_Exercise data_:
---
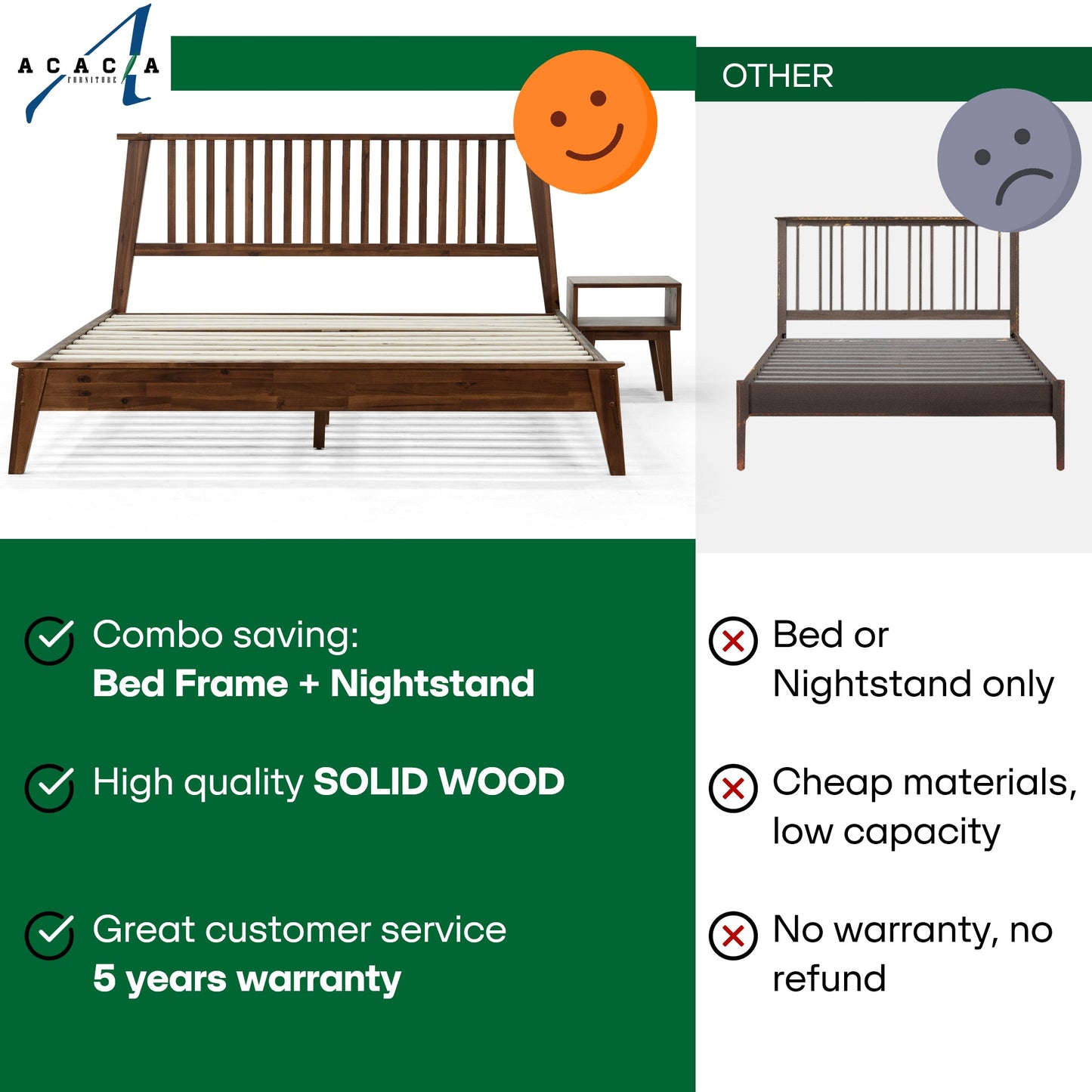 Kaylin Solid Wood Bed Frame - - Bed Frame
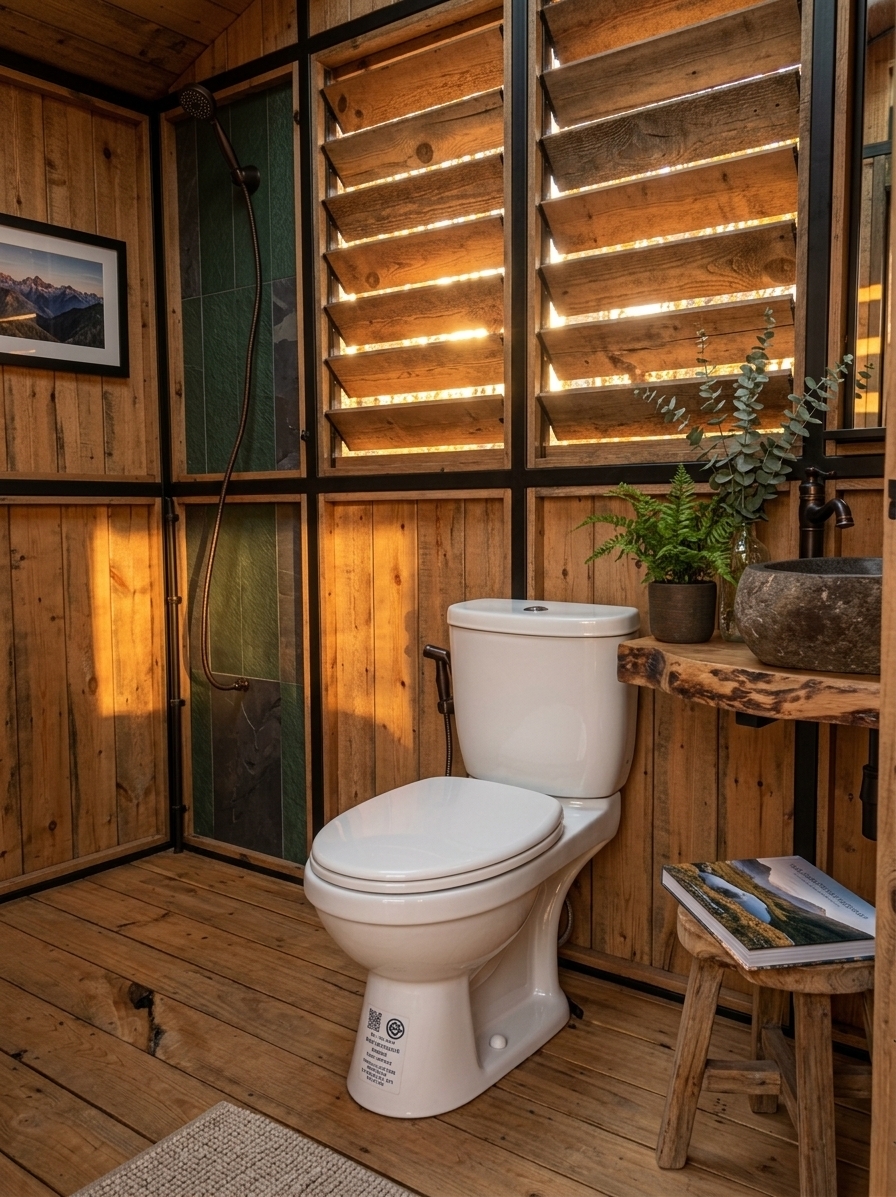 An incredibly lifelike, richly detailed, photorealistic interior shot of a luxurious rustic bathroom set in an alpine mountain escape. The scene is illuminated by the rich, warm golden glow of an autumn sunset streaming through adjustable wooden louvers, creating a deeply cozy, comfortable, and inviting atmosphere. Captured with a full-frame camera and a 35mm wide-angle lens, emphasizing the tactile rough-sawn pine grains, matte black steel framing, and textured slate accents. 

Reimagined with elevated cabin-inspired finishes, the space features a rugged live-edge timber vanity supporting a carved stone vessel sink with oil-rubbed bronze fixtures. Deep forest green tiles accent the wet area, harmonizing with rich brown timber paneling and warm neutral textiles. Framed panoramic mountain range wall art hangs alongside a rustic wooden stool holding an open landscape photography book, while potted indoor ferns and trailing eucalyptus introduce fresh natural vitality to this alpine sanctuary.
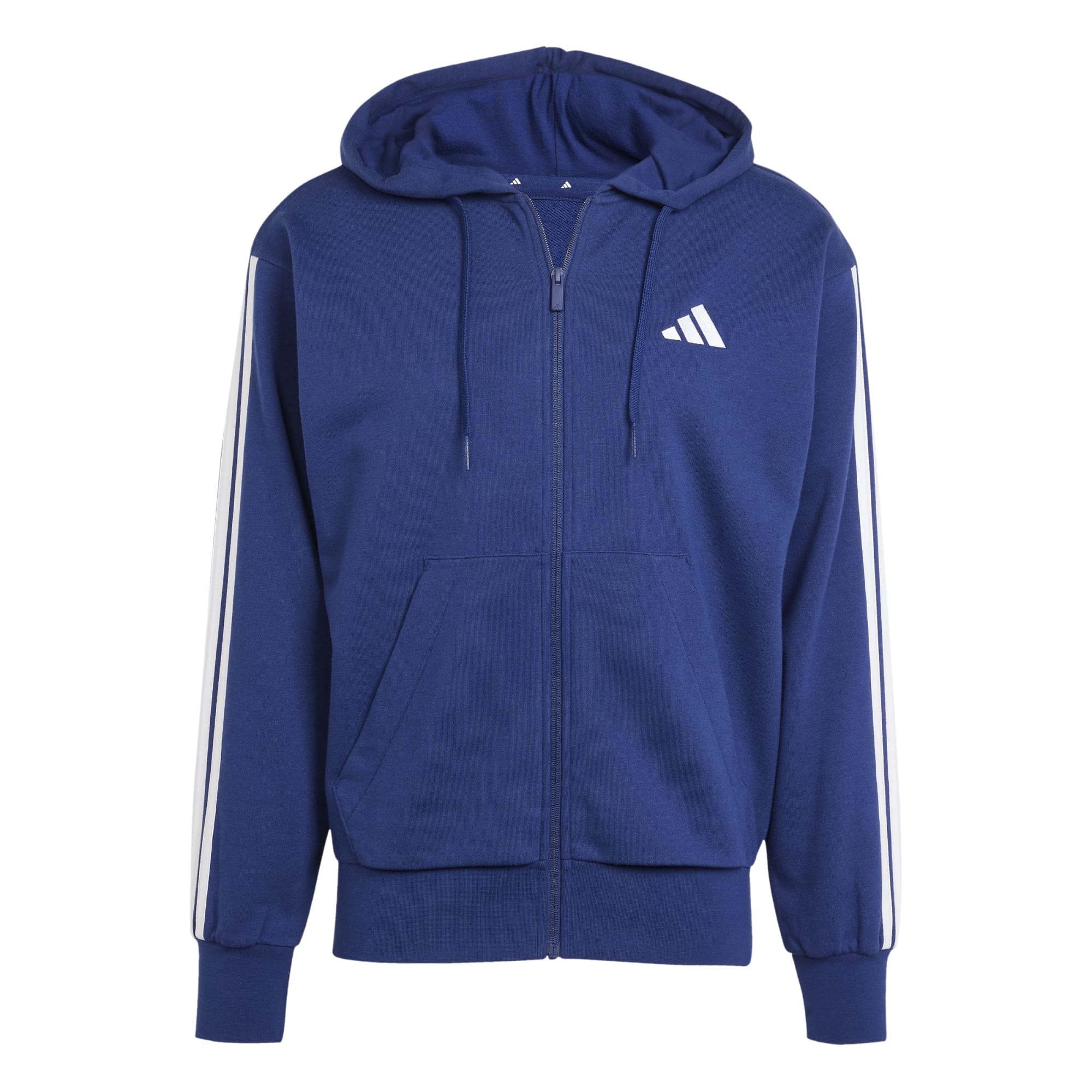 Felpa con cappuccio Essentials 3-Stripes French Terry Full-Zip - Blu / Bianco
---
_Task to carry out_:
Give back, exactly as written, the lines from the top of the material above to the line containing "An incredibly lifelike, richly", both included; skip every picture.

_Solution for this problem_:
 Kaylin Solid Wood Bed Frame - - Bed Frame
 An incredibly lifelike, richly detailed, photorealistic interior shot of a luxurious rustic bathroom set in an alpine mountain escape. The scene is illuminated by the rich, warm golden glow of an autumn sunset streaming through adjustable wooden louvers, creating a deeply cozy, comfortable, and inviting atmosphere. Captured with a full-frame camera and a 35mm wide-angle lens, emphasizing the tactile rough-sawn pine grains, matte black steel framing, and textured slate accents. 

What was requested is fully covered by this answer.